The Hotel should get a Work Permit first, then a residency visa follows.
In general now WP's are harder to get and only when skills not available with Locals.
Arrive on a tourist visa then sort it out here. Don't buy a one way ticket its is about the same price as a return, check it out.

Also check the salary level and the package for animation as its often low. You may get free room and food, but check


----------



## 149825 (Dec 29, 2011)

Yes free food and accom. Not much wage its only 500 usd a month. But I ain't doing it to get rich. Thanks


----------



## PaulAshton (Nov 18, 2011)

scottryan1992 said:


> Yes free food and accom. Not much wage its only 500 usd a month. But I ain't doing it to get rich. Thanks


That's about 3000 LE, as you are getting free food and board that's very good for Egypt in the current times, more than many Egyptians, if you are getting USD it will go far.

If USD payments are via Western Union or Moneygram always keep a reserve as sometimes the offices are shut you arrive and they are praying or the systems do not work or various other issues, make sure you do not lose your passport or no payments...guard it with your life and ensure they DO NOT leave it on the photo copy machine as they are often half asleep


----------



## GM1 (Sep 30, 2008)

What I have read is that most entertainment work is long hours (also for preparing/training for shows) and working (almost) everyday. 
Good luck!


----------



## expatagogo (May 31, 2010)

I just came back to Egypt with a one way ticket. 

Not one question at the airport, just paid the $15 fee for the tourist stamp and that was it.


----------



## MaidenScotland (Jun 6, 2009)

expatagogo said:


> I just came back to Egypt with a one way ticket.
> 
> Not one question at the airport, just paid the $15 fee for the tourist stamp and that was it.



It wasn't a case of you will not be allowed in with a one way ticket Lanson was saying it is often cheaper to buy a return and not use the return part.


----------



## expatagogo (May 31, 2010)

MaidenScotland said:


> It wasn't a case of you will not be allowed in with a one way ticket Lanson was saying it is often cheaper to buy a return and not use the return part.

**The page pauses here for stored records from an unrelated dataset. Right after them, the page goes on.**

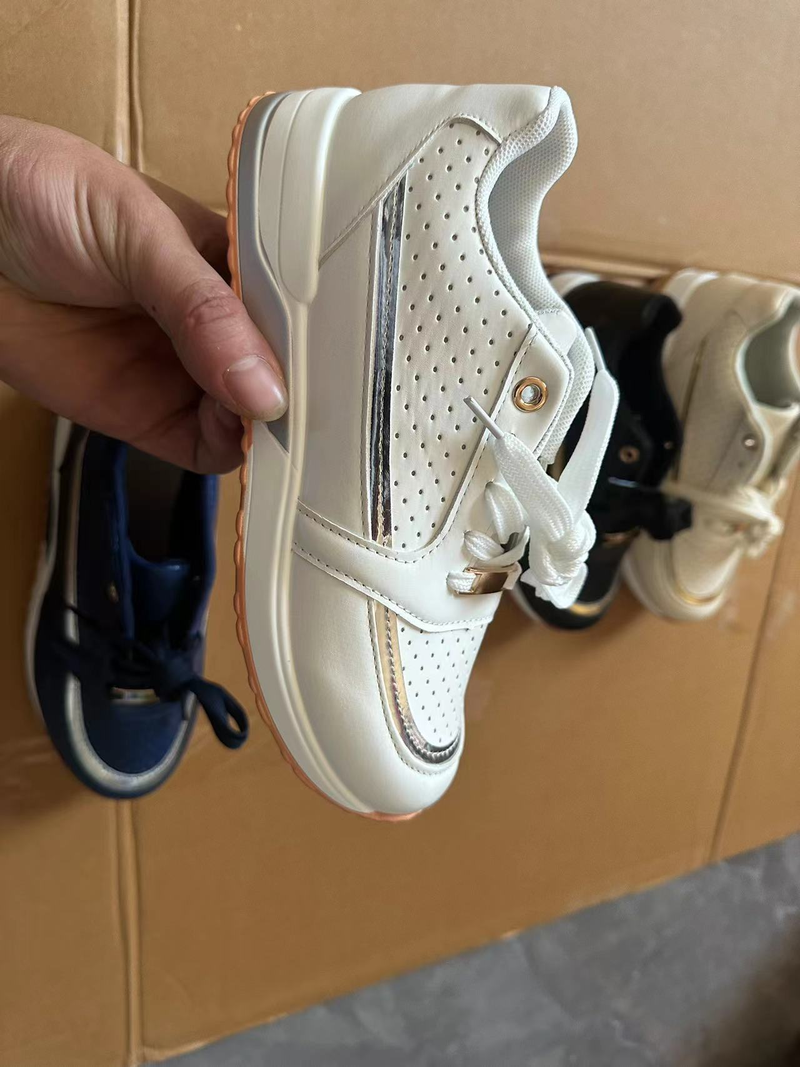 2024 New Women's Sports Shoes Large Size Color Matching Women's Casual Sports Comfortable Casual Shoes Jaadu_voghion.com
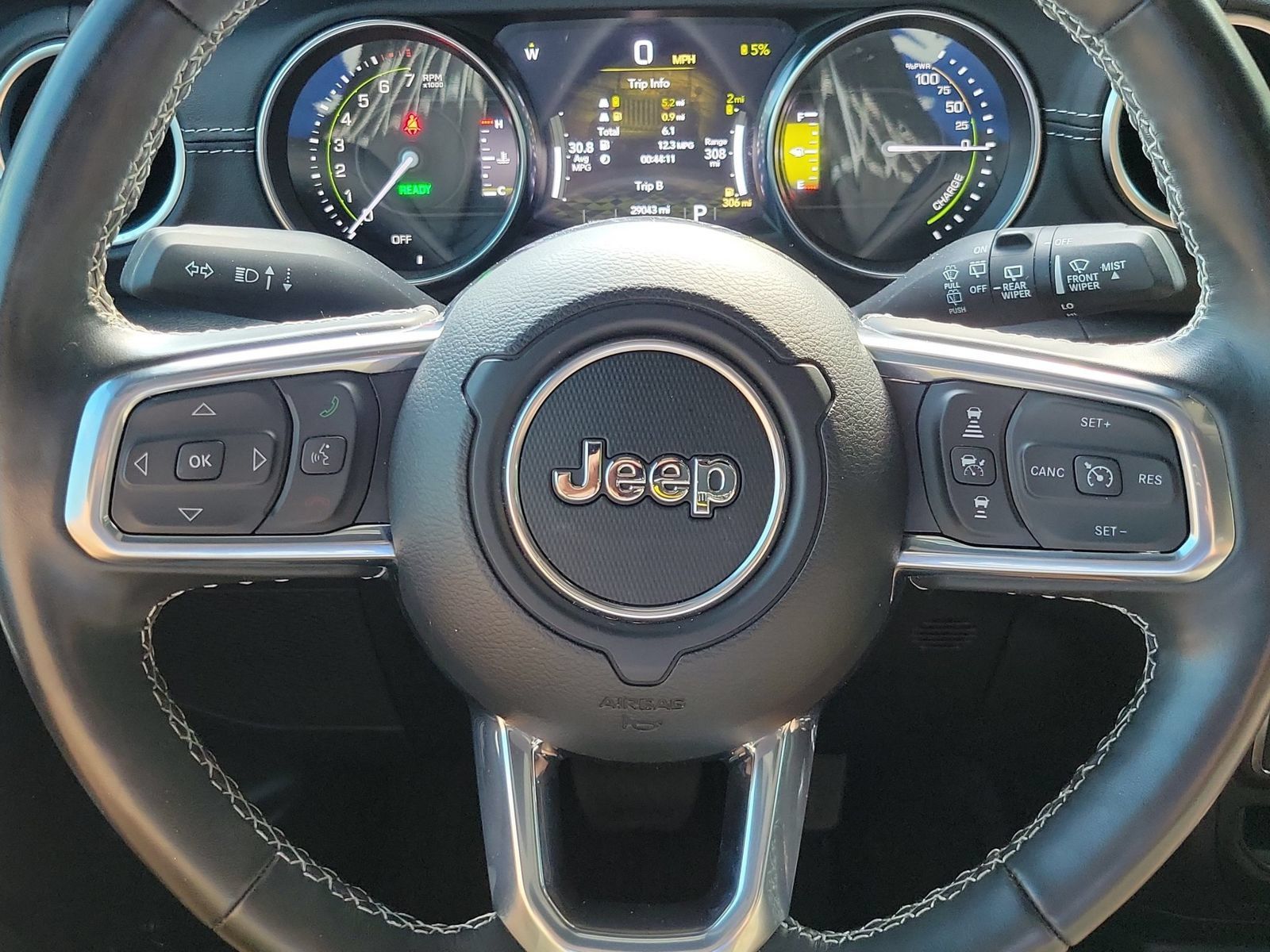 Used 2023 Jeep Wrangler Unlimited Sahara w/ Cold Weather Group AWD/4WD image 12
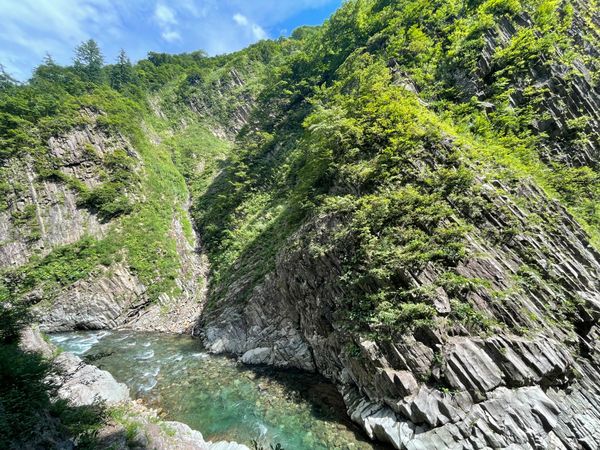 日本・新潟県「越後湯沢・温泉とプチハイキング」の写真：展望台から見る渓谷も綺麗でした。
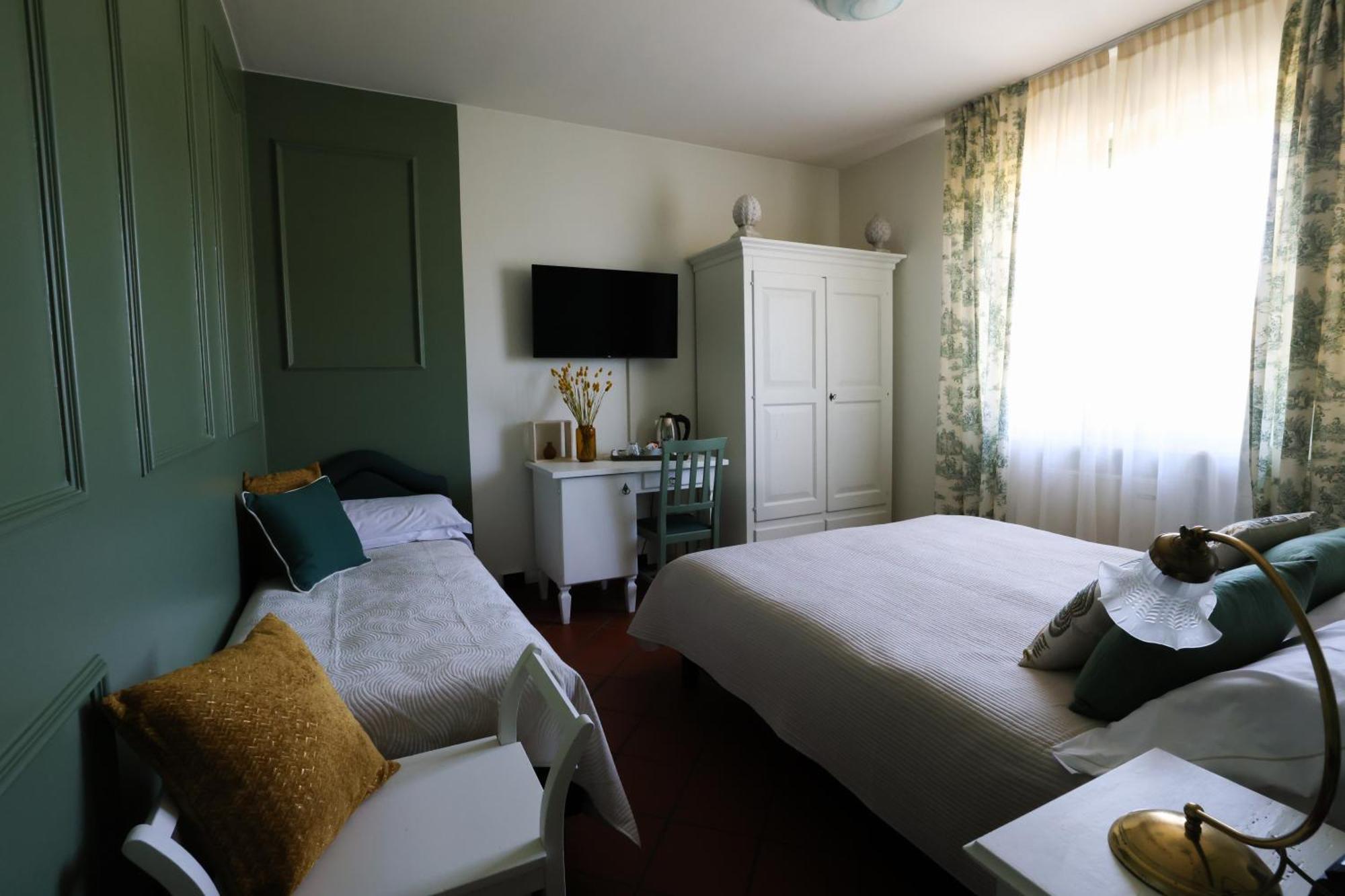 Hotel Florence Manerba del Garda Kültér fotó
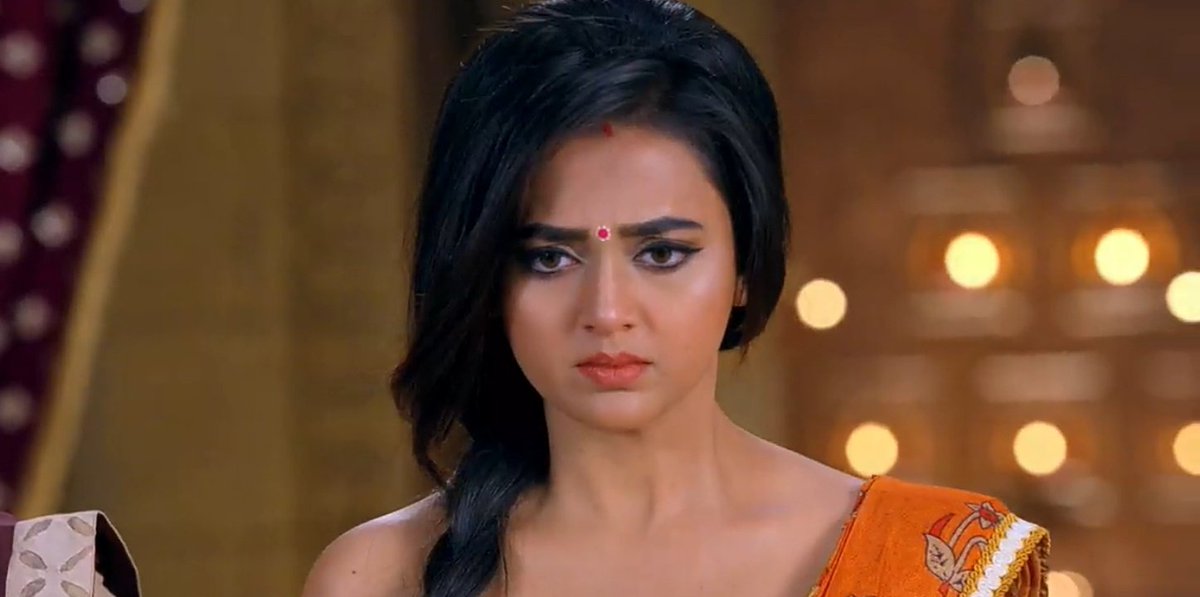 1AmarKumar's tweet photo. #KarnSangini #starplus #newshow #mythology #TejasswiPrakash #uruvi #karn #aashim #mahabharat Caps from tonight @KarnSangini_SP https://t.co/jUWg9jZvjZ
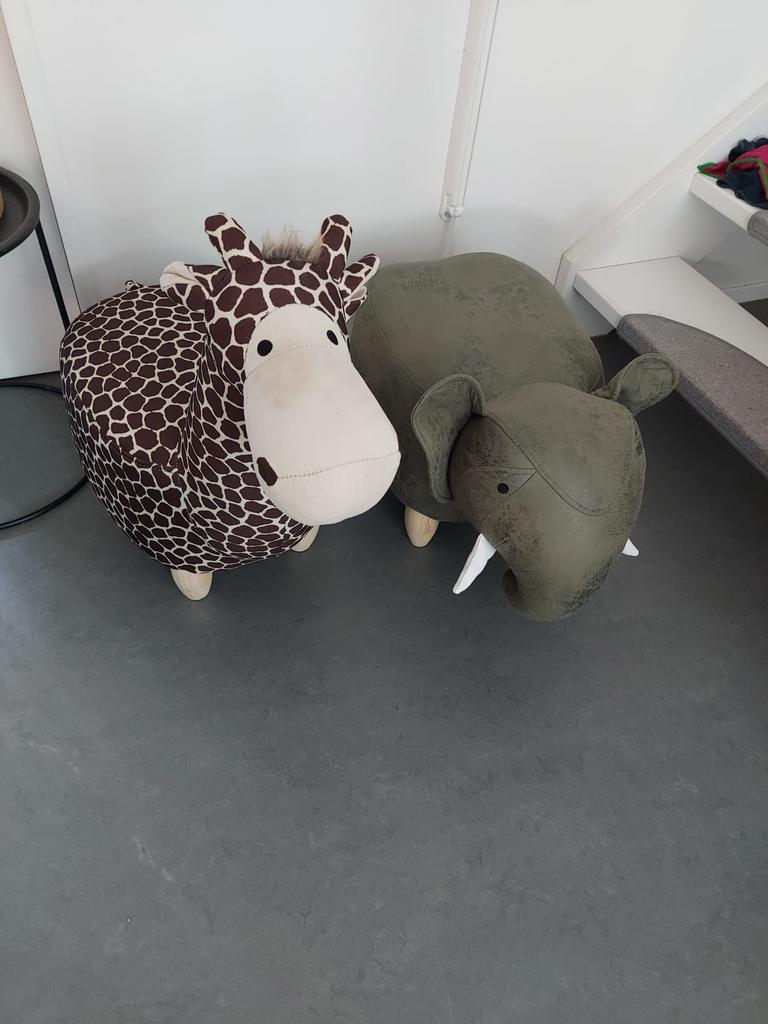 2x Dieren poef, Ophalen, Zo goed als nieuw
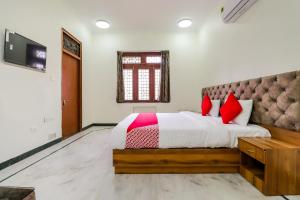 Hotel O Pratham Inn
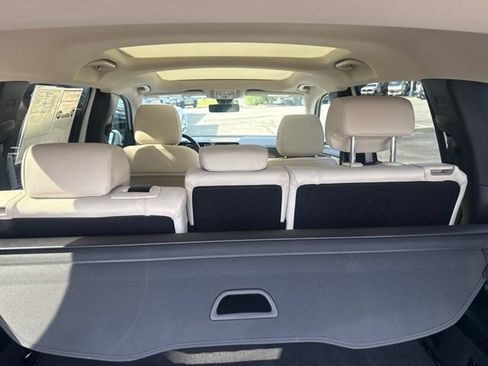 Used 2023 Mercedes-Benz GLB 250 4MATIC image 30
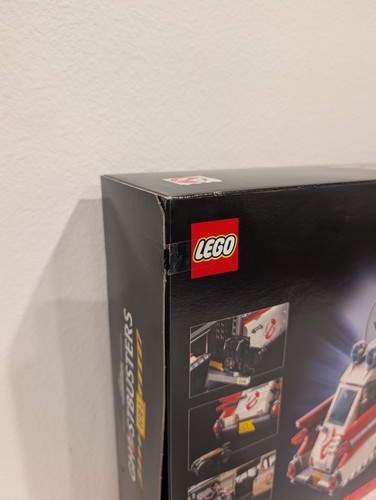 LEGO Icons: Ghostbusters ECTO-1 (10274) - New Sealed!  - Picture 8 of 17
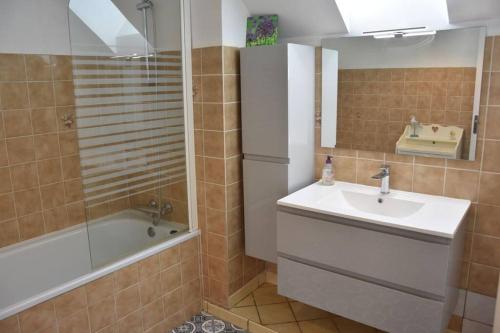 Fürdőszoba, Blaz an Holen - Maison avec jardin à Guimaëc (Blaz an Holen - Maison avec jardin a Guimaec) in Saint-Jean-du-Doigt Fürdőszoba, Blaz an Holen - Maison avec jardin à Guimaëc (Blaz an Holen - Maison avec jardin a Guimaec) in Saint-Jean-du-Doigt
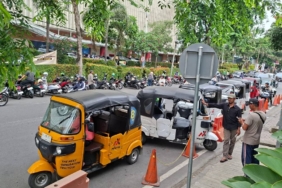 bukan-cuma-motor!-kendaraan-roda-tiga-berpotensi-jadi-solusi-transportasi-umum-indonesia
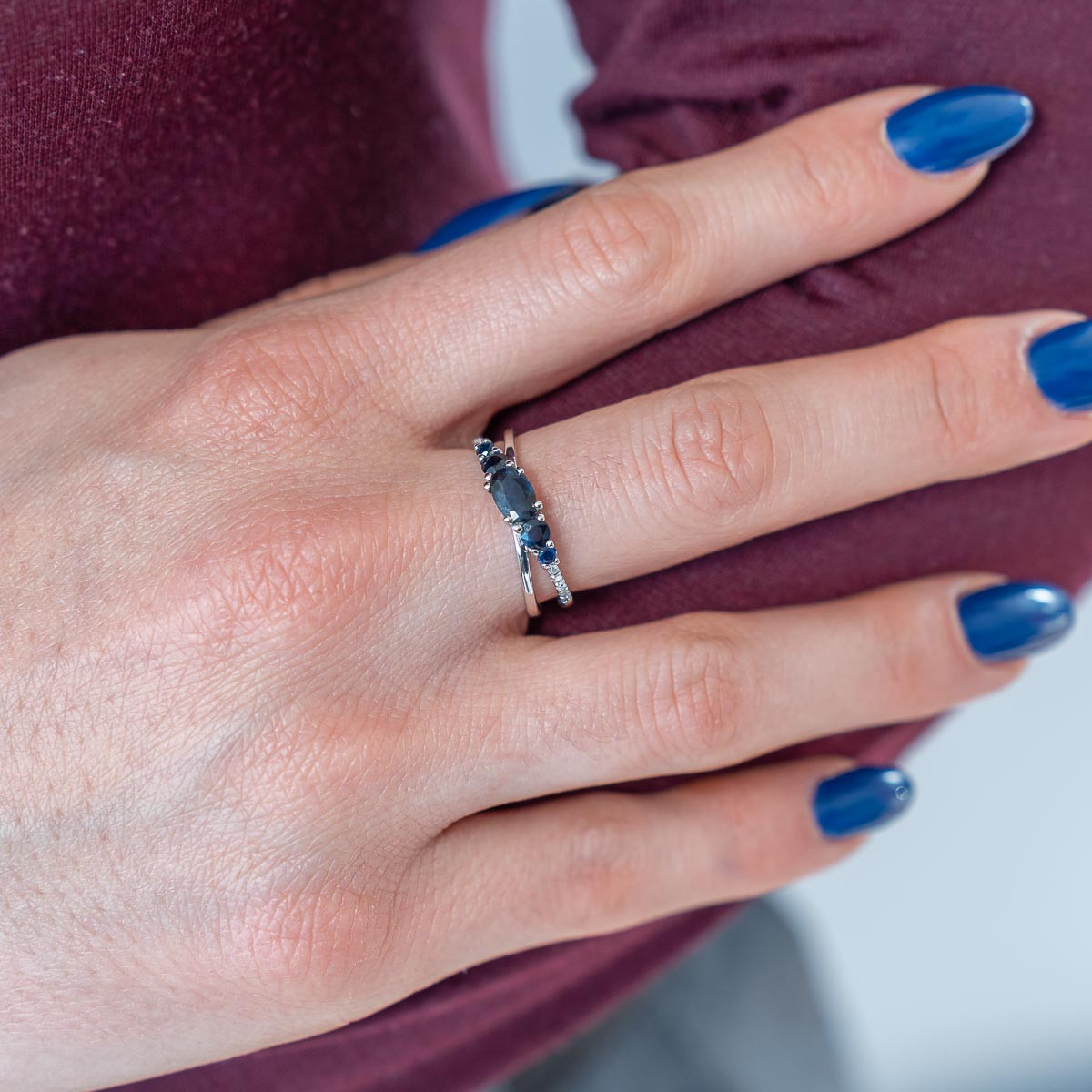 Bague or 375 blanc 5 saphirs et diamants - vue porté 1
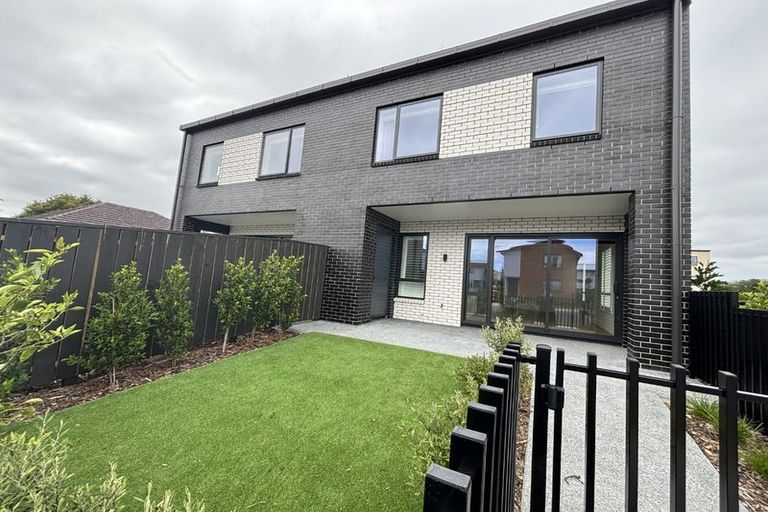 Photo of property in 9b Treasury Place, Onehunga, Auckland, 1061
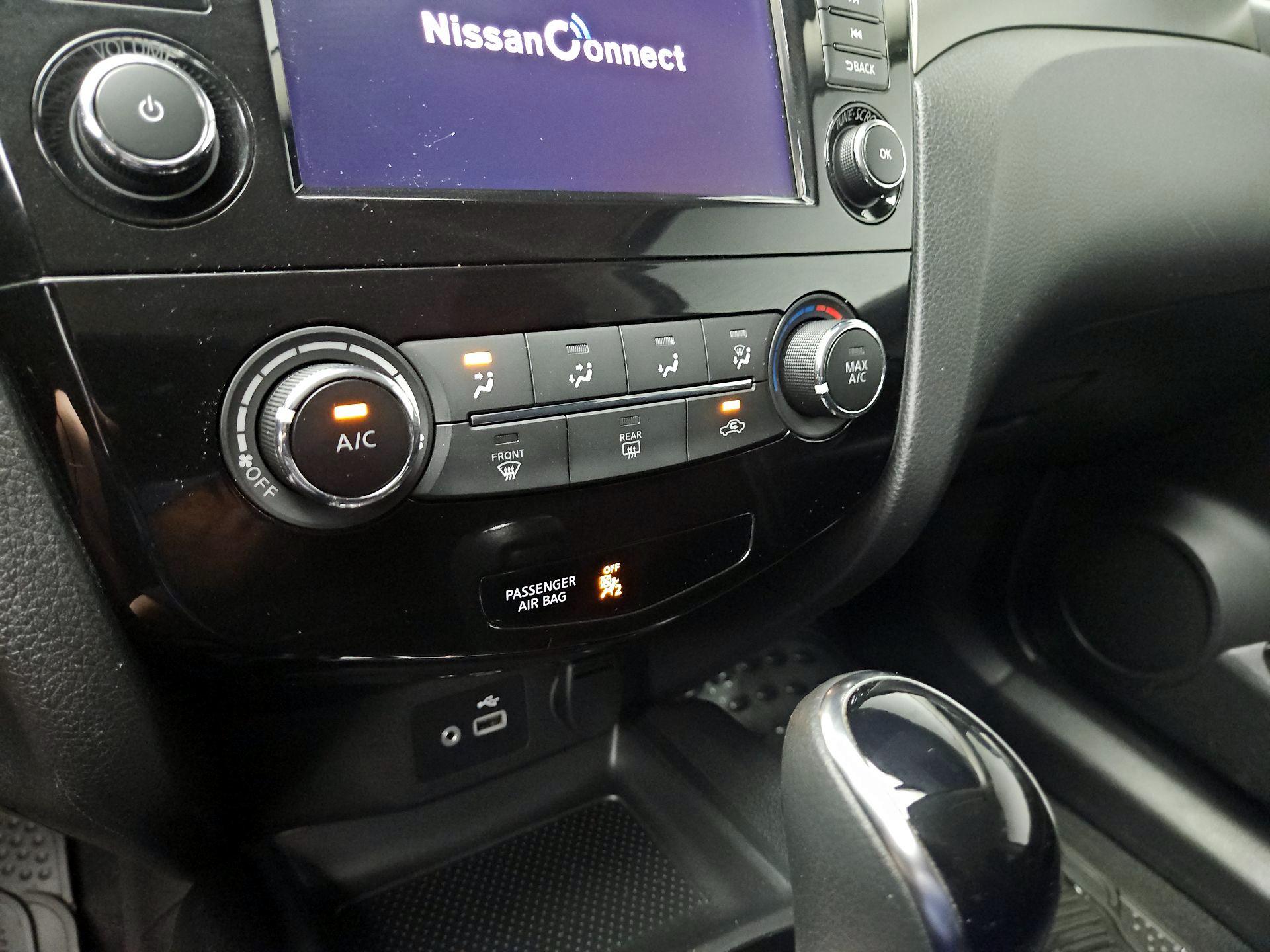 Thumbnail: 2019 Nissan Rogue Sport - 16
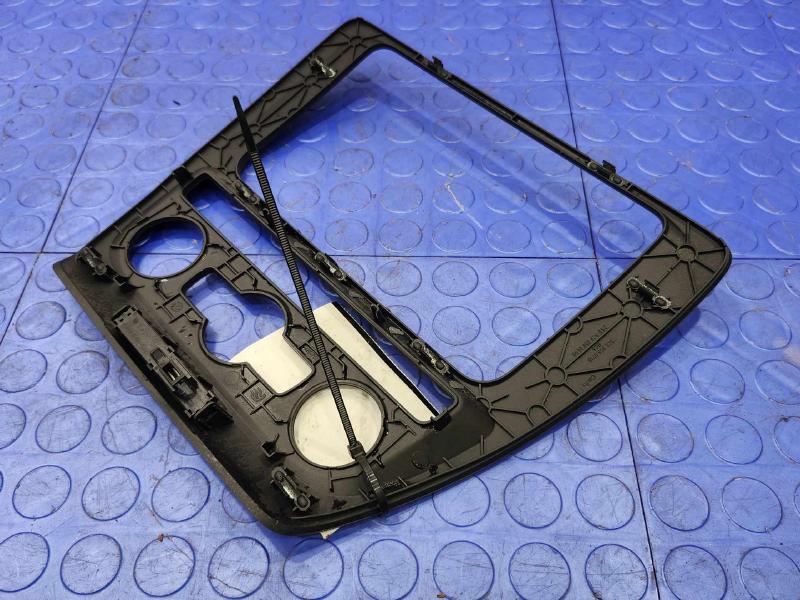 2011-2018 Volkswagen Jetta Radio Trim Surround Bezel Genuine OEM 5C6858071B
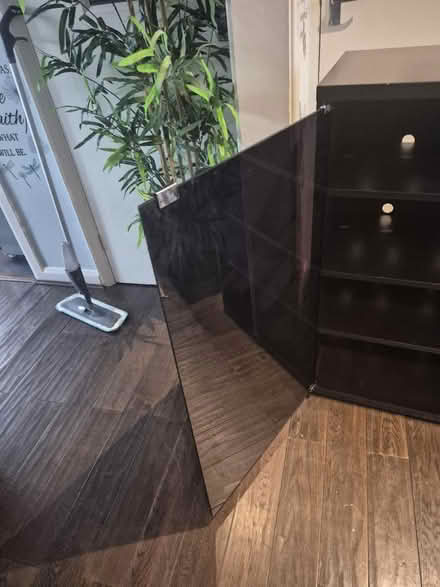 Photo of free Tv Unit (thornton heath) #2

Ah, I didn't read closely. 

My apologies.


----------



## Lanason (Sep 1, 2009)

MaidenScotland said:


> . . . . Lanson . . . . ..



LanaAson :boxing: :loco:


----------



## MaidenScotland (Jun 6, 2009)

Lanason said:


> LanaAson :boxing: :loco:




Isn't Lanson a cream for an itch?? perhaps I got the right name x


----------



## Lanason (Sep 1, 2009)

No its the name of a very famous Champagne.

unless of course you rub it on your itches


----------



## MaidenScotland (Jun 6, 2009)

Lanason said:


> No its the name of a very famous Champagne.
> 
> unless of course you rub it on your itches




I'm teetotal  

you always make me laugh,


----------



## Lanason (Sep 1, 2009)

MaidenScotland said:


> I'm teetotal
> 
> you always make me laugh,


"always" :faint:

even when I get sunstroke :eyebrows: I wasnt laffing that day uke:


----------